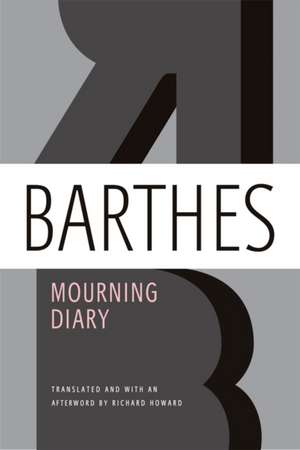 Mourning Diary: October 26, 1977 - September 15, 1979 de Roland Barthes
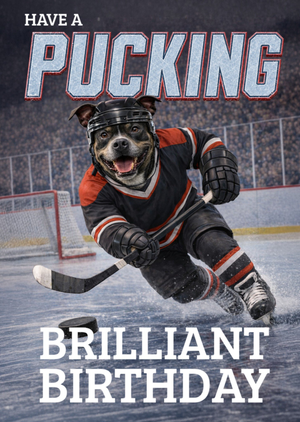 Moonpig Have A Pucking Brilliant Birthday Ice Hockey Dog Card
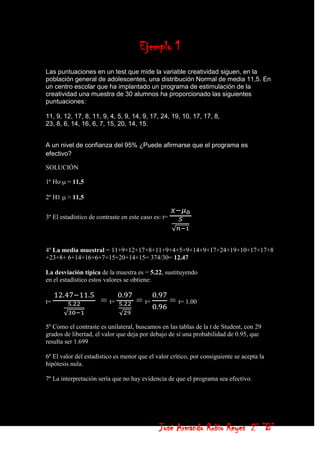 Ejemplo 1
Las puntuaciones en un test que mide la variable creatividad siguen, en la
población general de adolescentes, una distribución Normal de media 11,5. En
un centro escolar que ha implantado un programa de estimulación de la
creatividad una muestra de 30 alumnos ha proporcionado las siguientes
puntuaciones:

11, 9, 12, 17, 8, 11, 9, 4, 5, 9, 14, 9, 17, 24, 19, 10, 17, 17, 8,
23, 8, 6, 14, 16, 6, 7, 15, 20, 14, 15.


A un nivel de confianza del 95% ¿Puede afirmarse que el programa es
efectivo?

SOLUCIÓN

1º Ho   = 11,5

2º H1   > 11,5


3º El estadístico de contraste en este caso es: t=




4º La media muestral = 11+9+12+17+8+11+9+4+5+9+14+9+17+24+19+10+17+17+8
+23+8+ 6+14+16+6+7+15+20+14+15= 374/30= 12.47

La desviación típica de la muestra es = 5.22, sustituyendo
en el estadístico estos valores se obtiene:


t=                    = t=           = t=            = t= 1.00

5º Como el contraste es unilateral, buscamos en las tablas de la t de Student, con 29
grados de libertad, el valor que deja por debajo de sí una probabilidad de 0.95, que
resulta ser 1.699

6º El valor del estadístico es menor que el valor crítico, por consiguiente se acepta la
hipótesis nula.

7º La interpretación sería que no hay evidencia de que el programa sea efectivo.




                                              José Armando Rubio Reyes 2° ”B”
 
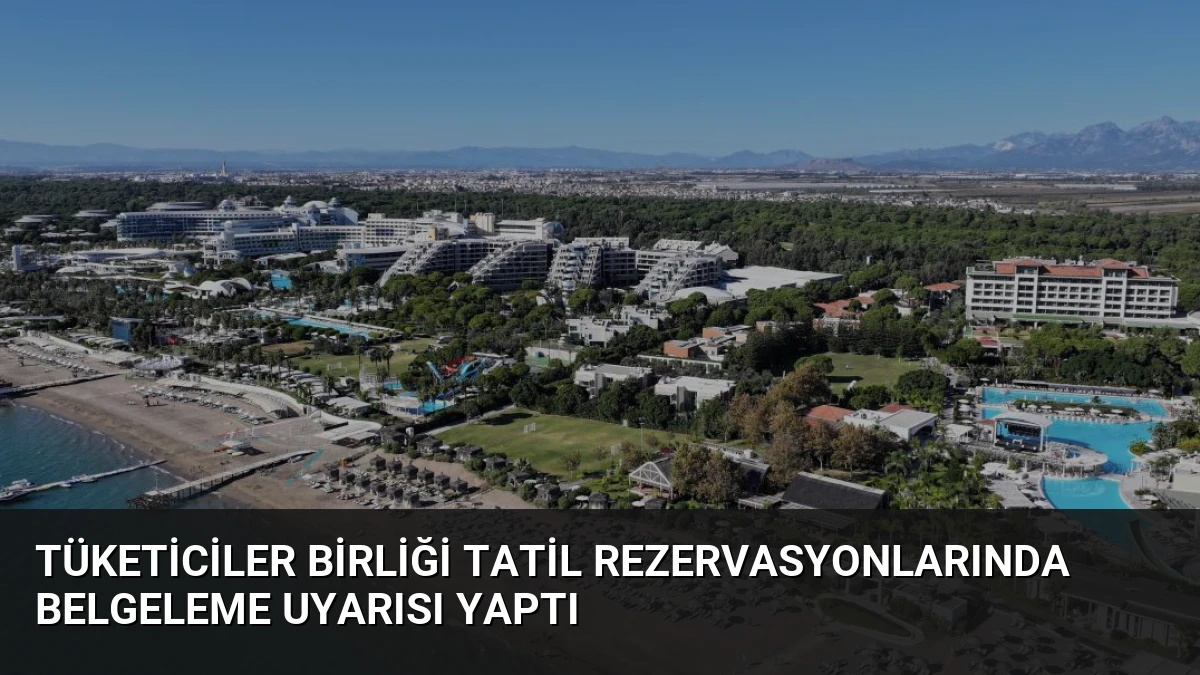 Tüketiciler Birliği Tatil Rezervasyonlarında Belgeleme Uyarısı Yaptı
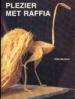 Foto 1 van Plezier met raffia, Hilda Sandtner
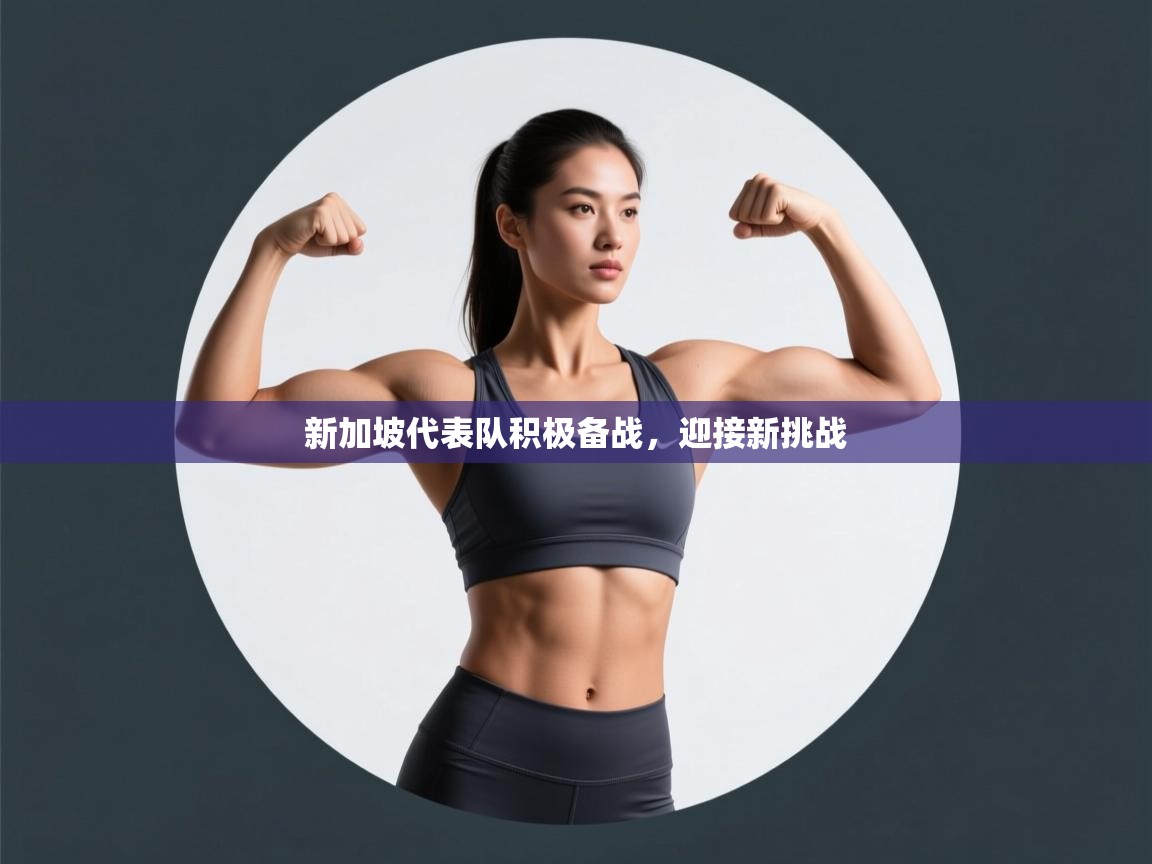 新加坡代表队积极备战,迎接新挑战 第1张
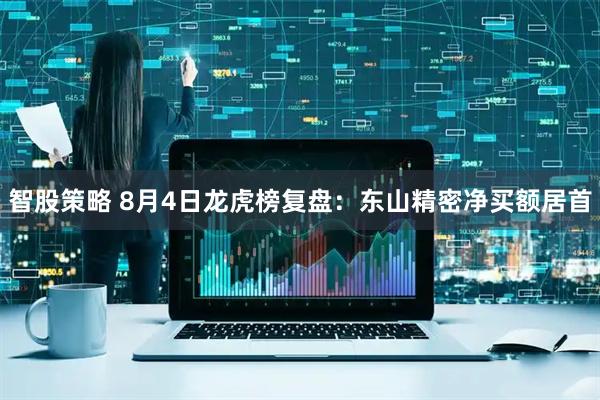智股策略 8月4日龙虎榜复盘:东山精密净买额居首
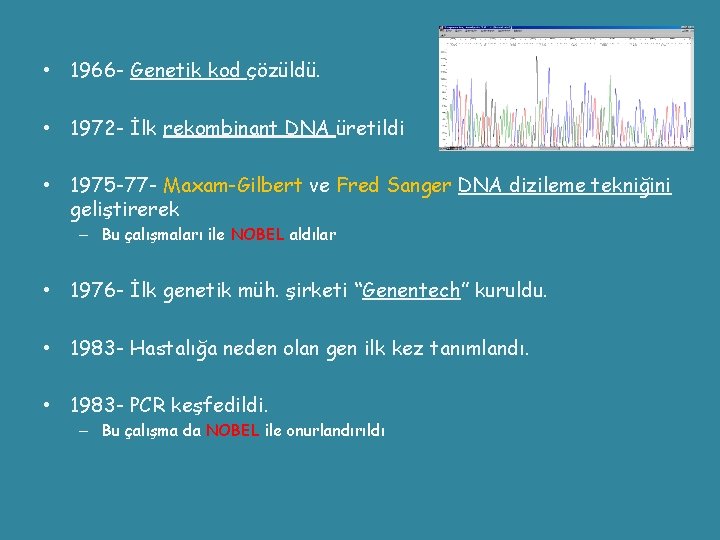  • 1966 - Genetik kod çözüldü. • 1972 - İlk rekombinant DNA üretildi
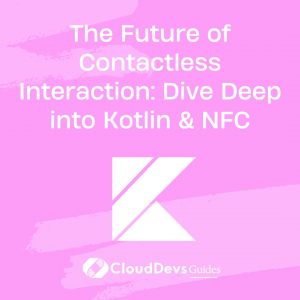 The Future of Contactless Interaction: Dive Deep into Kotlin & NFC
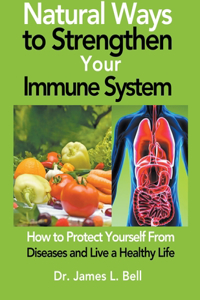 Natural Ways to Strengthen Your Immune System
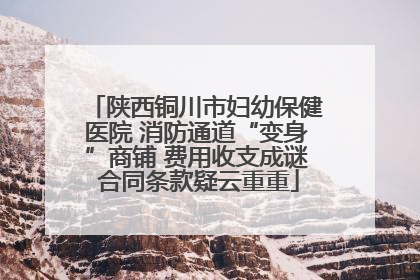 陕西铜川市妇幼保健医院 消防通道“变身”商铺 费用收支成谜 合同条款疑云重重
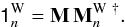 \begin{equation} \tens{1}_n^\mathrm{W} = {\bf M} \, {\bf M}_n^{\mathrm{W}~\dag} \label{Widentity}. \end{equation}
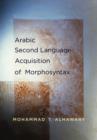 Arabic Second Language Acquisition of Morphosyntax - eBook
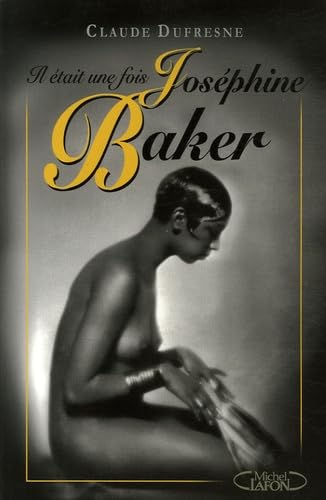 Il était une fois Joséphine Baker 9782749905518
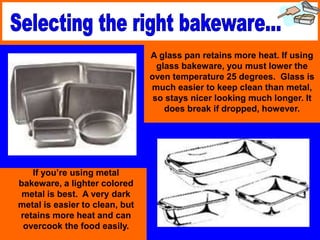 If you’re using metal
bakeware, a lighter colored
metal is best. A very dark
metal is easier to clean, but
retains more heat and can
overcook the food easily.
A glass pan retains more heat. If using
glass bakeware, you must lower the
oven temperature 25 degrees. Glass is
much easier to keep clean than metal,
so stays nicer looking much longer. It
does break if dropped, however.
 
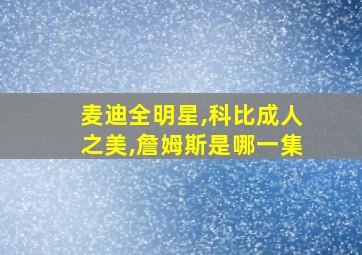 麦迪全明星,科比成人之美,詹姆斯是哪一集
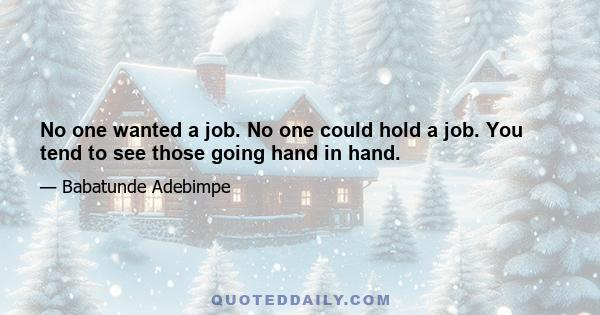 No one wanted a job. No one could hold a job. You tend to see those going hand in hand.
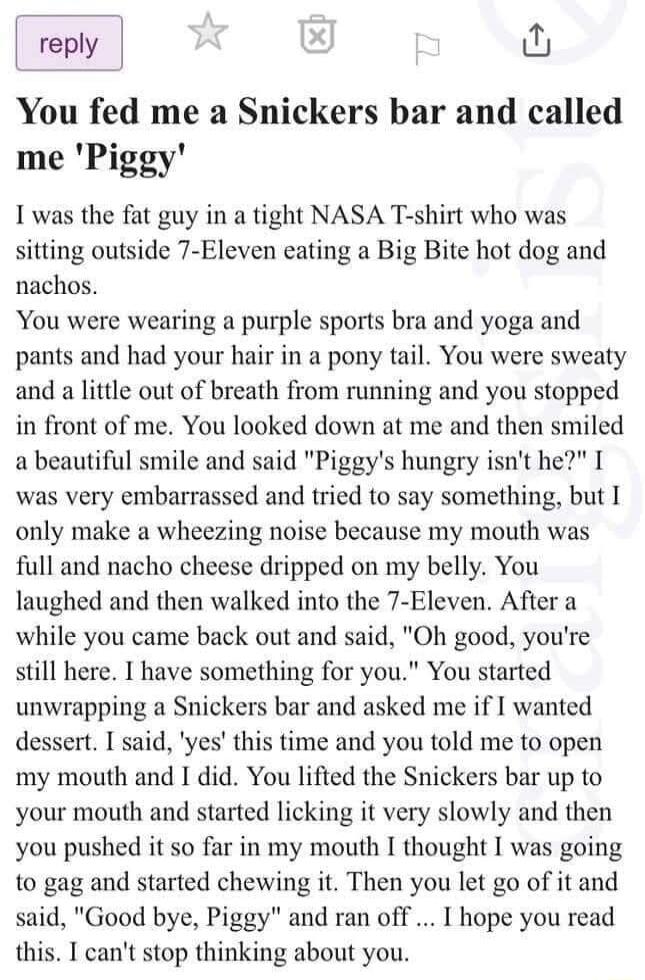 reply U You fed me a Snickers bar and called me Piggy I was the fat guy in a tight NASA T shirt who was sitting outside 7 Eleven eating a Big Bite hot dog and nachos You were wearing a purple sports bra and yoga and pants and had your hair in a pony tail You were sweaty and a little out of breath from running and you stopped in front of me You looked down at me and then smiled abeautiful smile and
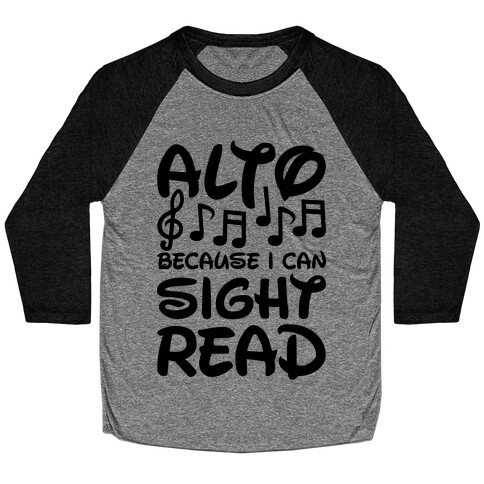 Alto Because I Can Sight Read Baseball Tee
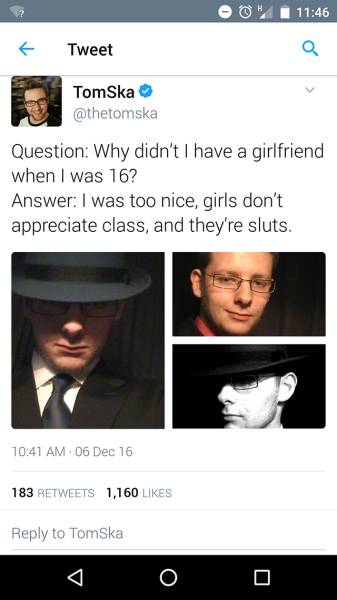 social media cringe - Tweet Tomska u Question Why didn't I have a girlfriend when I was 16? Answer I was too nice, girls don't appreciate class, and they're sluts. 06 Dec 16 183 1,160 to Tomska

※

What you have to do>
Once the line with "新加坡代表队积极备战,迎接新挑战 第1张" is found above, print it and every line after it through the line with "麦迪全明星,科比成人之美,詹姆斯是哪一集", exactly. Pictures stay out.

Task output>
 新加坡代表队积极备战,迎接新挑战 第1张
智股策略 8月4日龙虎榜复盘:东山精密净买额居首
  • 1966 - Genetik kod çözüldü. • 1972 - İlk rekombinant DNA üretildi
 The Future of Contactless Interaction: Dive Deep into Kotlin & NFC
 Natural Ways to Strengthen Your Immune System
 陕西铜川市妇幼保健医院 消防通道“变身”商铺 费用收支成谜 合同条款疑云重重
 \begin{equation} \tens{1}_n^\mathrm{W} = {\bf M} \, {\bf M}_n^{\mathrm{W}~\dag} \label{Widentity}. \end{equation}
 Arabic Second Language Acquisition of Morphosyntax - eBook
 Il était une fois Joséphine Baker 9782749905518
 If you’re using metal
bakeware, a lighter colored
metal is best. A very dark
metal is easier to clean, but
retains more heat and can
overcook the food easily.
A glass pan retains more heat. If using
glass bakeware, you must lower the
oven temperature 25 degrees. Glass is
much easier to keep clean than metal,
so stays nicer looking much longer. It
does break if dropped, however.
 
 麦迪全明星,科比成人之美,詹姆斯是哪一集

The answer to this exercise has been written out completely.